## [WHAT IS EXPECTED]
The material below holds the lines to copy: from the one with "souvenirsfuturradieux_jvm" up to and including the one with "Follada en 4". Copy them exactly and skip the pictures.

## [ENTRIES PROVIDED]
■ ■ ■

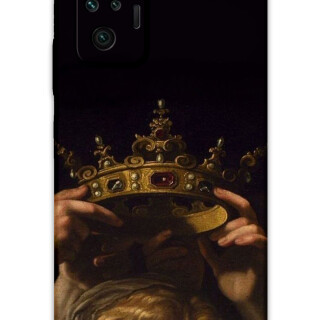 5833-xiaomi-redmi-note-10-pro-retro-desenli-kilif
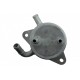TOYOTA RAV4 2.5 RĂCITOR DE ULEI 15-19 33493-42100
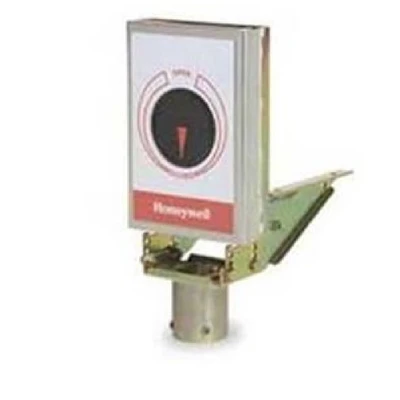 Honeywell Q618A1032 Valve Linkage, 80 Pounds Stem Force, 3/4 Inch Stroke [New]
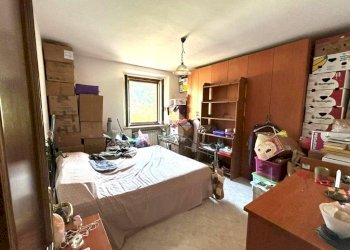 Casa indipendente Via casa venturelli, Pavullo nel Frignano - foto 13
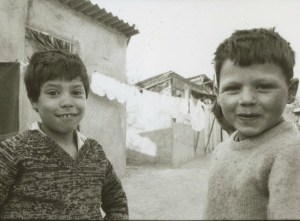 souvenirsfuturradieux_jvm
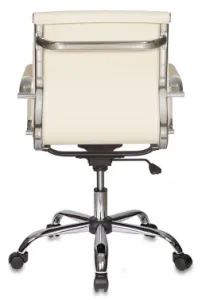    CH-993-Low/Ivory       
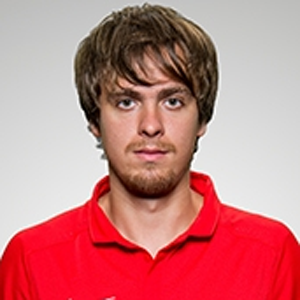 Каюмов Дмитрий Каюмов Дмитрий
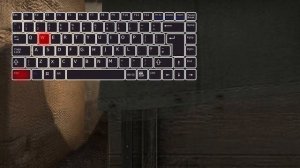 ФИШКА! Как очень легко запрыгнуть на XBOX на DE_DUST2/Как прыгать ВЫШЕ в CS:GO!!! Соло БУСТ на ящик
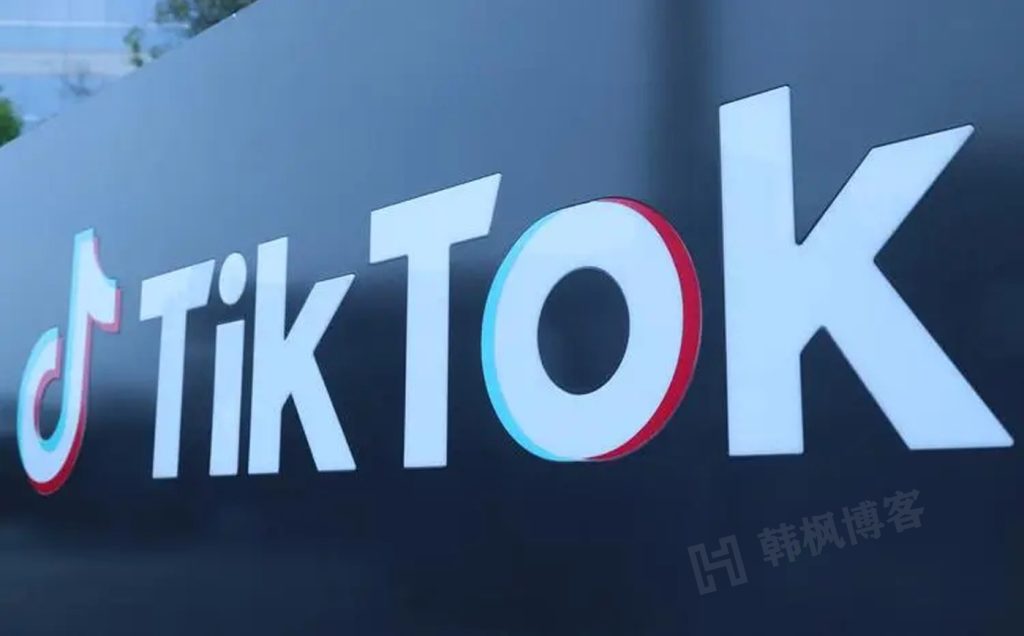 TikTok小号1元自助购买【24小时自动秒发货】-庆虎资源网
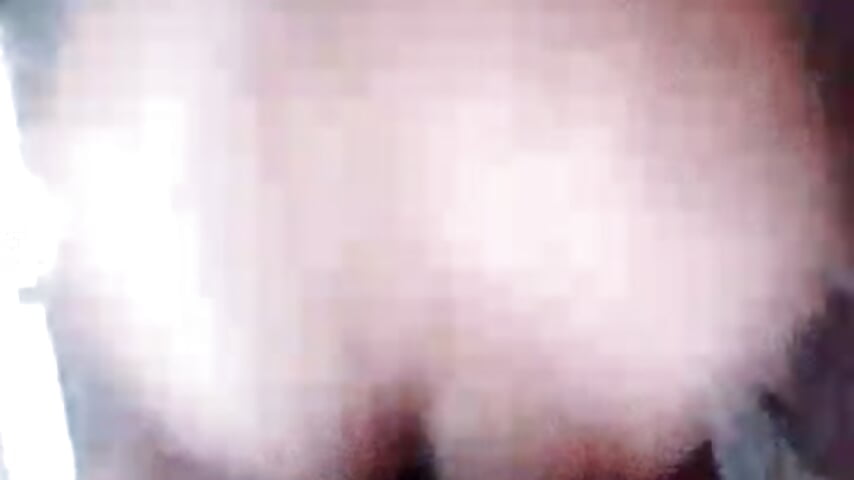 Follada en 4 en la ducha 🤤 – видео вебкам-модели sexogran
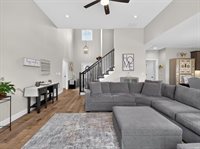 8693 Leonis Run, Leo, IN 46765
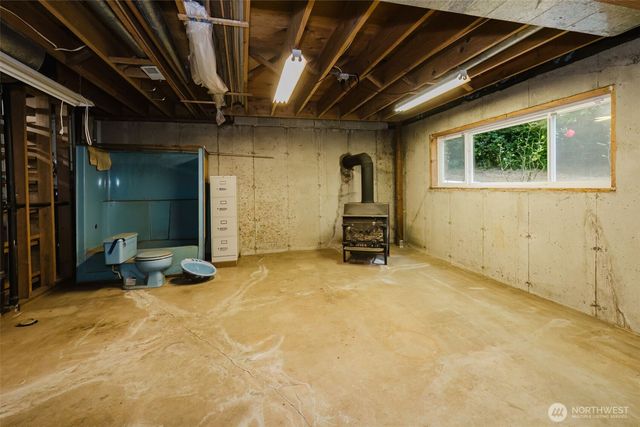 9531 Brandywine Lane SE, Olalla, WA 98359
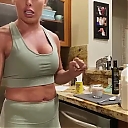 MANDY_ROSE___OTIS_Easy_Meals_To_Make_During_Quarantine_WWE_Cooking_mp40370.jpg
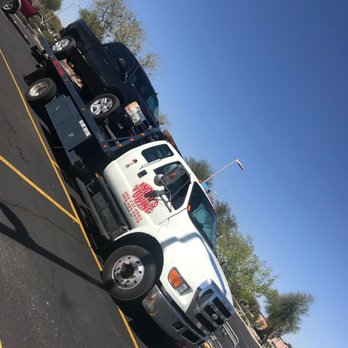 India's Towing - Towing Near Me - Phoenix, Arizona India's Towing - Towing Near Me - Phoenix, Arizona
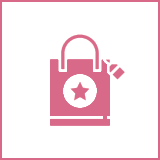 Premium Merchandise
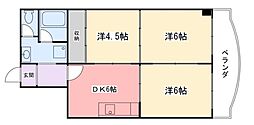 山陽電鉄本線 山陽姫路駅 徒歩9分 3階/-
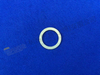 ANILLO DE SELLADO ZF 0730 008 604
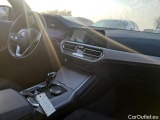  Bmw  Serie 3 150 CH BVA8 BUSINESS DESIGN  95 #8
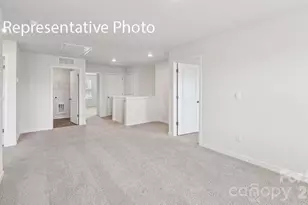 792 14th Ave Ct NE, Hickory, NC 28601 - Photo 22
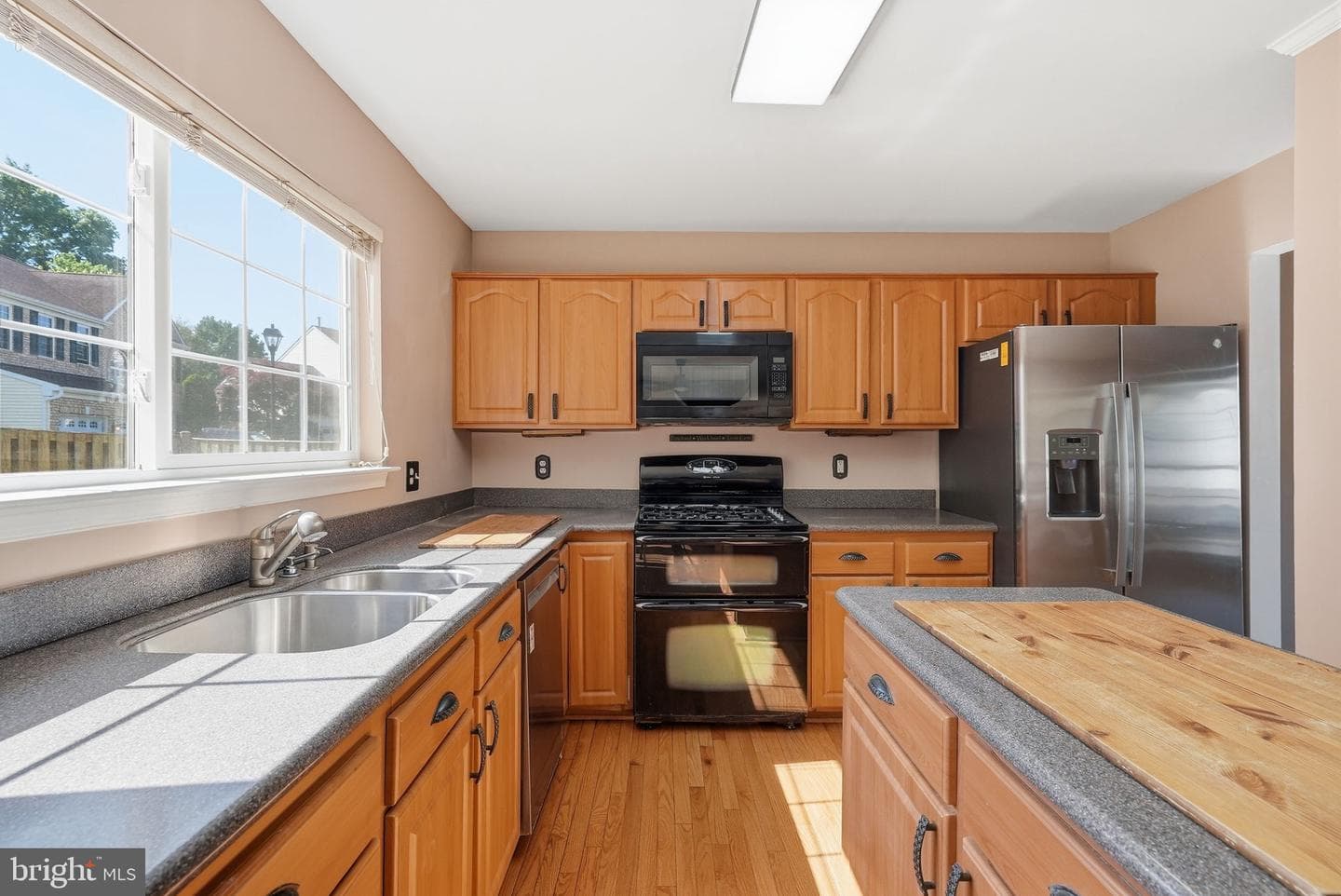 3108 Cassidy St photo 10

■ ■ ■

## [SOLUTION]
 souvenirsfuturradieux_jvm
    CH-993-Low/Ivory       
 Каюмов Дмитрий Каюмов Дмитрий
 ФИШКА! Как очень легко запрыгнуть на XBOX на DE_DUST2/Как прыгать ВЫШЕ в CS:GO!!! Соло БУСТ на ящик
 TikTok小号1元自助购买【24小时自动秒发货】-庆虎资源网
 Follada en 4 en la ducha 🤤 – видео вебкам-модели sexogran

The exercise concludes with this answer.